* _Task goal_
What lines in the data below mention the string "genérico"? Copy them out.

* _Records excerpted from a collection_
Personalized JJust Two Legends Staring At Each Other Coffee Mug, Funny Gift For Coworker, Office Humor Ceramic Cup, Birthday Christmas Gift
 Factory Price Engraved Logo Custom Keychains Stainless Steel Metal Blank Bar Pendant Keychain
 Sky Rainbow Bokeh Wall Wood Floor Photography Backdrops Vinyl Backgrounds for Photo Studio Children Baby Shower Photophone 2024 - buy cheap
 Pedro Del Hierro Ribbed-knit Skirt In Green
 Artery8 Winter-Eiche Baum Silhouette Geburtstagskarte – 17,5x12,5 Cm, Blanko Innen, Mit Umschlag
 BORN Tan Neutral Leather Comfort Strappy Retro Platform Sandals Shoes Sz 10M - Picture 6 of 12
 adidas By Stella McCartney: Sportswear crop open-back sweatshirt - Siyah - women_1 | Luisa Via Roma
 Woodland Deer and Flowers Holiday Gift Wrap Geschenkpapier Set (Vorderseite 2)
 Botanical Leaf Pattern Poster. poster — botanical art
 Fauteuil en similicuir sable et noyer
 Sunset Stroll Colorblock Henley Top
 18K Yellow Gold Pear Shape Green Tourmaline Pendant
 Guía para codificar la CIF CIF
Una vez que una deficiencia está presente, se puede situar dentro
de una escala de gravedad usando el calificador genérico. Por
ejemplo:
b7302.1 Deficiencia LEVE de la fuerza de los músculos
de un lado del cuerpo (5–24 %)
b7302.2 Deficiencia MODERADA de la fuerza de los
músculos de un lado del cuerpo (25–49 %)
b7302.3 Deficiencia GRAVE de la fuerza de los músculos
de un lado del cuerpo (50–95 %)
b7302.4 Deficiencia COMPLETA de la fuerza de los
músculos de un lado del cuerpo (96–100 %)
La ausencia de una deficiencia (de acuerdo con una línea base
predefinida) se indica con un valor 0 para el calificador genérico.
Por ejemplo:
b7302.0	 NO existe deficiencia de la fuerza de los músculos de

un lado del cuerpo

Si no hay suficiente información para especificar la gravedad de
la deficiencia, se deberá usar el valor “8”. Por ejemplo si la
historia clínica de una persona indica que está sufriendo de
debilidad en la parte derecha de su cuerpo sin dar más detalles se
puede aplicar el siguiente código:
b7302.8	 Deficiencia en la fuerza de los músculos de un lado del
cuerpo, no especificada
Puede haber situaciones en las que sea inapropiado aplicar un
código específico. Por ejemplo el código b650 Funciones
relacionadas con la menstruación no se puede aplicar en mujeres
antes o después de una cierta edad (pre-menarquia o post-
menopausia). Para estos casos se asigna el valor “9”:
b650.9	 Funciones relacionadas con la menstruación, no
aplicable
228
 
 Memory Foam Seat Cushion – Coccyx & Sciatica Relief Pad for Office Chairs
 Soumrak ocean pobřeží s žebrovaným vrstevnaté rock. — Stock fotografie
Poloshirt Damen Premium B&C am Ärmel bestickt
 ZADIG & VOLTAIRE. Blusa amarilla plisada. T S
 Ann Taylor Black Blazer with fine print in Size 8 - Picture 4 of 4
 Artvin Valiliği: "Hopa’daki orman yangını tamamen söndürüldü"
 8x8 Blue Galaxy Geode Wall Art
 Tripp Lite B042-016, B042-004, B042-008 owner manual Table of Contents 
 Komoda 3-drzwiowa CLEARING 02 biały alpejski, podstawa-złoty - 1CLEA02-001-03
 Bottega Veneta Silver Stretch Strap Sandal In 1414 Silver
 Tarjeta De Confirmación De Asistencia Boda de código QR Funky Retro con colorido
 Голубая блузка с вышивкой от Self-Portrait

* _Your solution_
de una escala de gravedad usando el calificador genérico. Por
predefinida) se indica con un valor 0 para el calificador genérico.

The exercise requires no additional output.